### DATA FOR PROCESSING
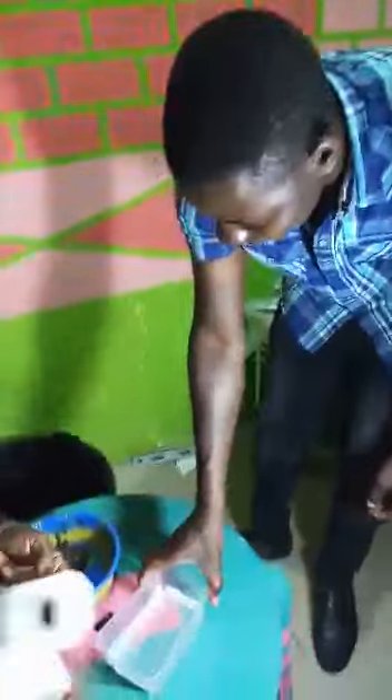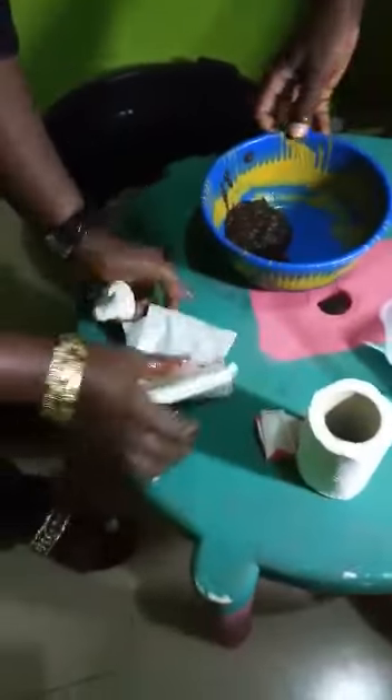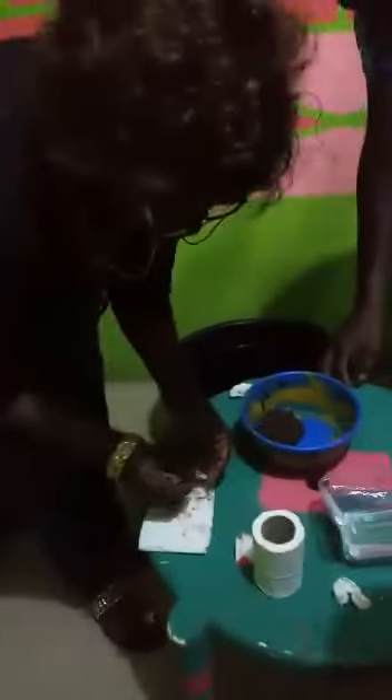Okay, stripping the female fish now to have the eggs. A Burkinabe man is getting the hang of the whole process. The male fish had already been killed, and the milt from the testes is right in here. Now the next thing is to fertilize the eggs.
---
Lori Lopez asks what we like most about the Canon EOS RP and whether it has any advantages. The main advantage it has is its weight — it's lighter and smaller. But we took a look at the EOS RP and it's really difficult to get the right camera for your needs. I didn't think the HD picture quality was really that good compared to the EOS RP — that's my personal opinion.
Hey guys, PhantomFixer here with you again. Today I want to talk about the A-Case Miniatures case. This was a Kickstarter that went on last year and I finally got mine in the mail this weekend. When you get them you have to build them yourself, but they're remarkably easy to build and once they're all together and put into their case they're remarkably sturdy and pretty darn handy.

### ABOUT THIS EXERCISE
Nothing but a number belongs in the answer: the tally of lines in the data holding "that".

### SOLUTION
2